Both questions now answered!

I've also reworked the issue a little bit to make it clearly about the first scenario only, hopefully this matches what you had in mind. I agree with you that what this points to is making the distinction between entities whose latest version came from the server and entities whose latest version is local-only ("dirty").

Introducing this concept of "known by the server" vs. "local-only" would give us the ability to simply delete entities "known by the server" that are not in the latest entity list update. Another way to think about this would be to keep track of entities that are in a "dirty" state vs. a match for the central source of truth.

An alternative would be to address all cases at once by e.g. querying the server for all entities that are on device but not in the entity list. The advantage of always asking about all entities on device not in the entity list would be that there'd only be one way to handle deletion. Some disadvantages might be that we can imagine scenarios in which a lot of entities might be deleted in one go (especially without assignment/segmenting/tasking) and that we would have to implement the full case at once (whereas with this "dirty" concept we can probably do an initial release that doesn't clean up "dirty" entities and only deals with the easy scenario 1 case).

@seadowg did you explicitly consider handling all cases the same way?

And I can manually delete the entity locally somehow

We won't want local delete in the long term. Are you thinking that without it it will be too confusing to use the entity browser? I think we could consider something more like a blanket "clear all local entities" instead.

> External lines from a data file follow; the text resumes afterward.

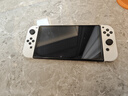 Nintendo Switch任天堂OLED游戲機(jī)NS掌上主機(jī)日版白色便攜家用體感掌機(jī)(國(guó)家補(bǔ)貼15%) 曬單實(shí)拍圖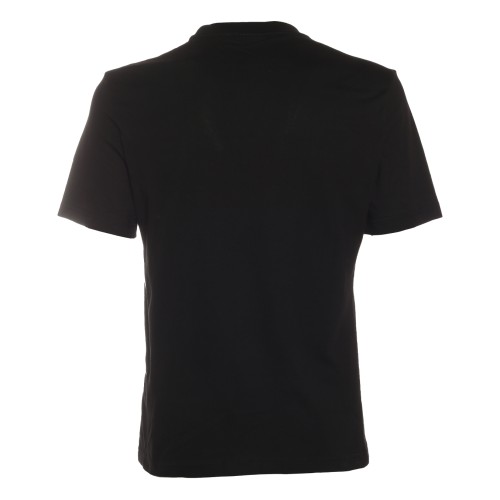 Calvin Klein: T-shirt nera con doppia scritta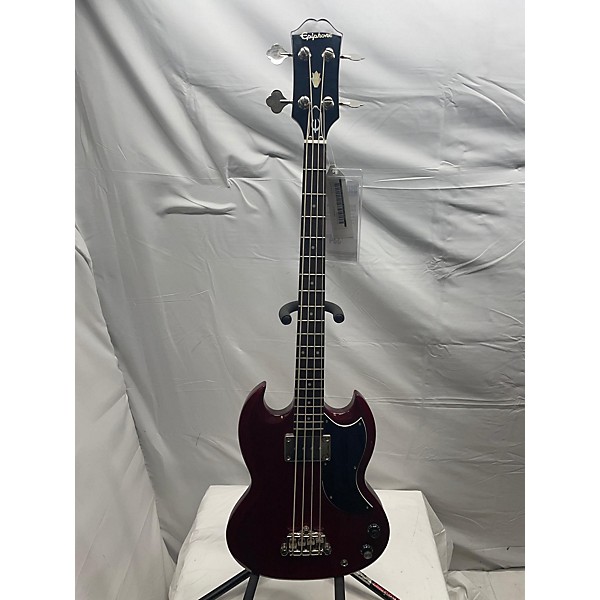 Used Epiphone Sg E1 Electric Bass Guitar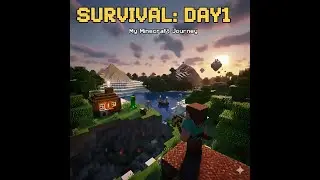 Starting My Minecraft Journey&hellip; | A New World, New Adventure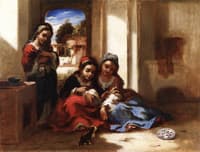 Arab Children Playing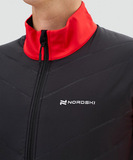 Лыжная куртка Nordski Hybrid Pro 2.0 Red/Black мужская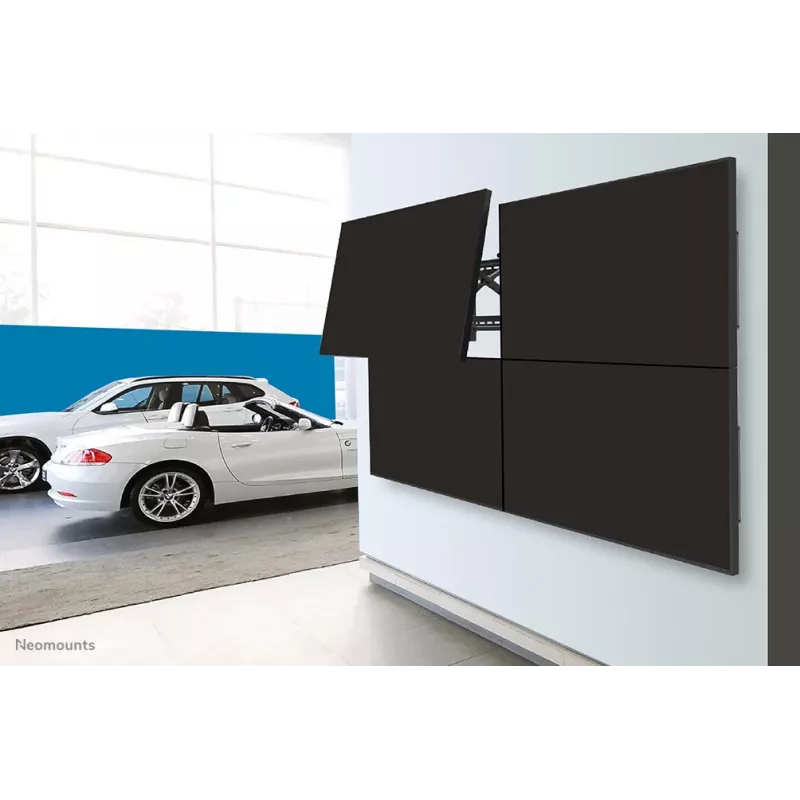 Neomounts LED-VW2000 zwart videowall-wandsteun 32-75 inch - pop-out - max 70 kg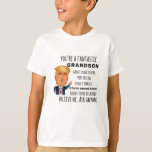 Grandson Best Gift T-Shirt<br><div class="desc">Apparel gifts for men, women, ladies, adults, boys, girls, couples, mom, dad, aunt, uncle, him & her.Perfect for Birthdays, Anniversaries, School, Graduations, Holidays, Christmas.</div>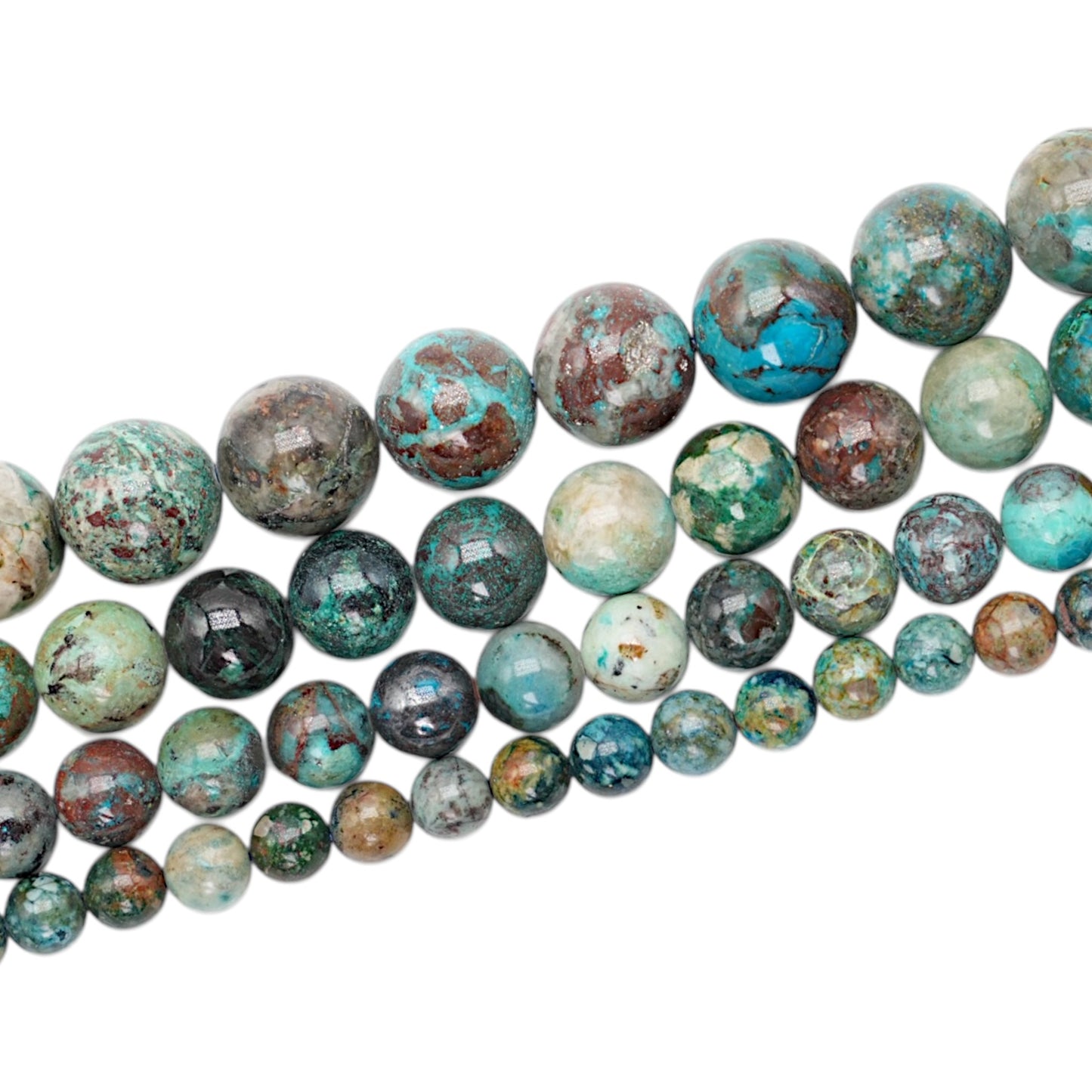 Fil de perle Chrysocolle AA+ (4)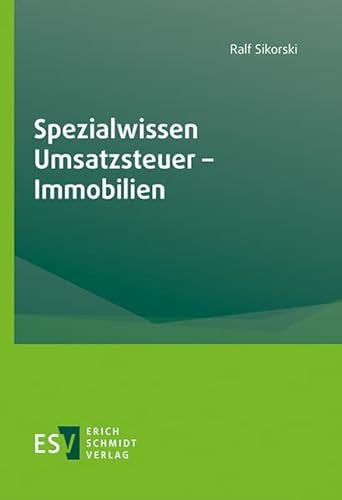 Imagen de archivo de Spezialwissen Umsatzsteuer - Immobilien a la venta por medimops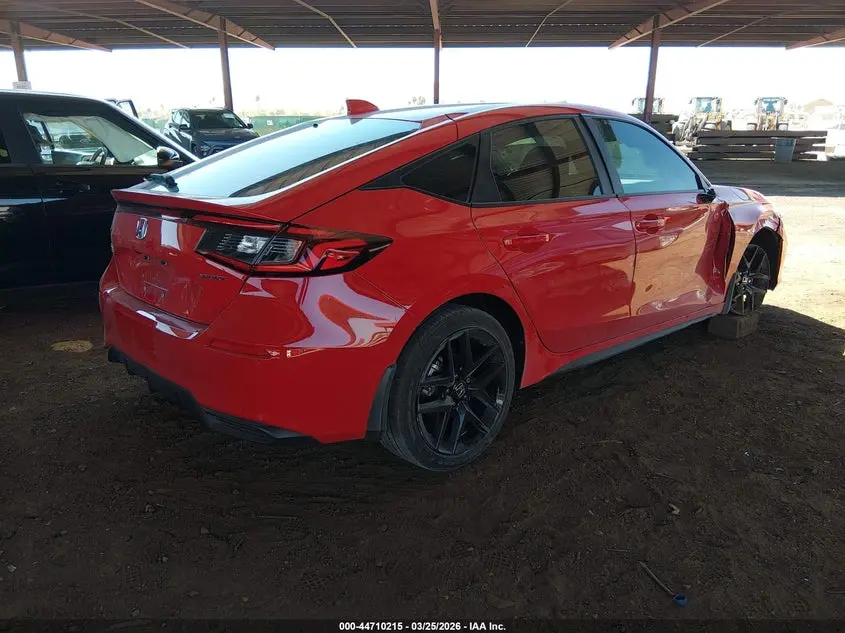 2025 HONDA CIVIC SEDAN SPORT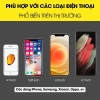Giá đỡ điện thoại ô tô kẹp cửa khe gió, xoay 360°, vân carbon, nhỏ gọn tiện lợi 6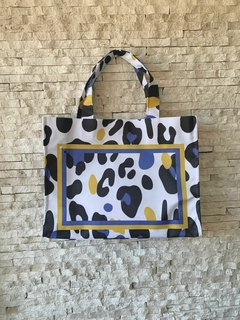 BOLSA NORONHA ONÇA BRANCO
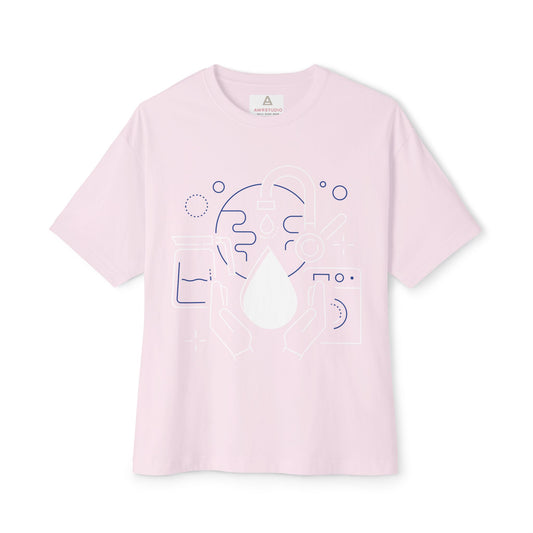 Unisex Oversized Boxy Tee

I'll give some other thoughts with the assumption we're moving forward with a notion of "dirty" entities.

Given I've updated an entity locally When the entity is deleted on the server And the entity list is then updated Then ?

We have two options:

  1. keep track of the fact that the entity was previously seen on the server and only the update is local in which case we can delete the local copy
  2. only keep track of the fact that the current version of the entity is "dirty" in which case we keep the local copy (the version hasn't "graduated" to being online)

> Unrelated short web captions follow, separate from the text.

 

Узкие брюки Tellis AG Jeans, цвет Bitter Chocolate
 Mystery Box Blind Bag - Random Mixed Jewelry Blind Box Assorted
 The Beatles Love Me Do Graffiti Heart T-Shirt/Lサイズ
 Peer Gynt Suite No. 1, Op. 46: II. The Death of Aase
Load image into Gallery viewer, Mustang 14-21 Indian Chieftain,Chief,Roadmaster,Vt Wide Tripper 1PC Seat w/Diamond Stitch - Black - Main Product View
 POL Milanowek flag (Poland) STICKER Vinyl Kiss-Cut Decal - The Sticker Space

I think the second option is more aligned with a narrower view of this issue. This case feels similar to scenario 2 -- it's not likely to be hugely common.

Given I've updated an entity locally that was not in the entity list When the entity was deleted on the server previously And the entity list is then updated Then ?

This is something like I scan a barcode that has an entityid in it (uuid from Central) in a form that applies an update to the entity with that entityid but I don't have that entity on my device? Ideally, Collect's local entity list is not updated in that case. I think that would be most consistent with the intent of "update" in the case of a non-existent entity. The submission would still be saved and sent to the server where an error would be logged when trying to apply the update to a non-existent entity.

I do think it would be ok for now if it is in the local entity representation to consider the entity "dirty" and treat it the same way (keep the local version).

lognaturel commented 7 months ago

We know we want to move to requesting progressive updates rather than requesting the whole entity list. In that context, we won’t be able to use the “if it’s not in the returned list, delete it” concept. I think the best we’ll be able to do is query the server about all local-only entities to see whether any need to be deleted.

That suggests to me that we should have a single approach for all the cases.

seadowg commented 7 months ago

An alternative would be to address all cases at once by e.g. querying the server for all entities that are on device but not in the entity list. The advantage of always asking about all entities on device not in the entity list would be that there'd only be one way to handle deletion. Some disadvantages might be that we can imagine scenarios in which a lot of entities might be deleted in one go (especially without assignment/segmenting/tasking) and that we would have to implement the full case at once (whereas with this "dirty" concept we can probably do an initial release that doesn't clean up "dirty" entities and only deals with the easy scenario 1 case).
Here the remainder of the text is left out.